There is enormous uncertainty in the salmon market about what prices will look like next week, as Friday -- normally busy for traders -- didn't see much market activity.
Exporters had little concrete information to report on the price situation, citing that there are "rumors" of buyers asking for NOK 60 ($5.97/€5.37) per kilogram -- slightly lower than last week -- but without any confirmation if farmers will accept these prices.
"I have never experienced so quiet a Friday," one said.
Another exporter is expecting a fall in prices, but cannot foresee how big of a decline it would be.
The executive told IntraFish carryover fish has been sold for less than NOK 60 ($5.97/€5.37) per kilogram, but farmers are trying to get higher prices for the next week.
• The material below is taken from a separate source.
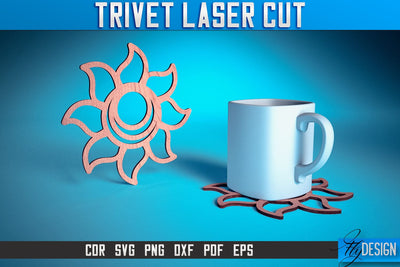 Trivet Laser Cut SVG | Trivet Laser Cut SVG Design | CNC Files SVG Fly Design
He adds that farmers are currently trying to sell at around NOK 65 ($6.47/€5.82) pounds per kilogram, roughly in-line with prices last Friday.
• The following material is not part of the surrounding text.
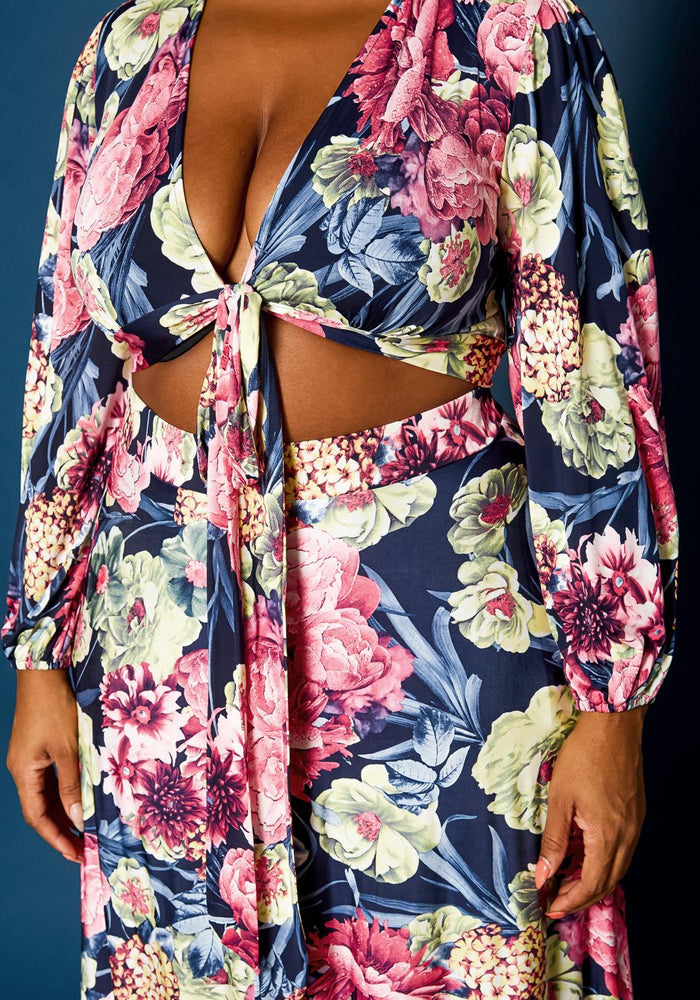Hi Curvy Plus Size Women Floral Pattern Two Piece Set Made in USA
"I think they could go down a bit and that the price will end somewhere between NOK 55 ($5.47/€4.92) and NOK 65 ($6.47/€5.82), but there is a lot of uncertainty now," he said.
Another exporter said the price trend was completely unpredictable.
"It can hit hard both ways. If Norwegian processors have to cut production, the supply is reduced," he said.
"At the same time, the processing industry in Europe, and transport, can also do the same. It's very open now. In addition, you have a 'hoarding effect' that allows demand, at least in the short term, to go up."
The same exporter added that trading will have to be taken day-by-day.
"We're going to take it very easy," he said. "It seems that things are going bad in certain segments, but better for stores. We must at least have orders before we buy fish."
The depreciation of the Norwegian kroner has contributed positively, but remains overshadowed by the impact of the coronavirus outbreak, one farmer said.
Air freight is also difficult, and more expensive than usual.
This applies to both the US and Asia. In Asia, the market is picking up, but there are few planes, said one exporter.
While the EU-US passenger air routes are closed, he noted that with the UK still open, fish can move through that channel.
Processors in Denmark, meanwhile, are rumored to be taking extra shifts to accommodate demand from stores, one exporter reported.
He adds that the company has rejected several cancellations this week.
"We receive inquiries from customers in several countries who will withdraw orders," he said. "We have rejected several of those requests...what are we going to do with the fish now?"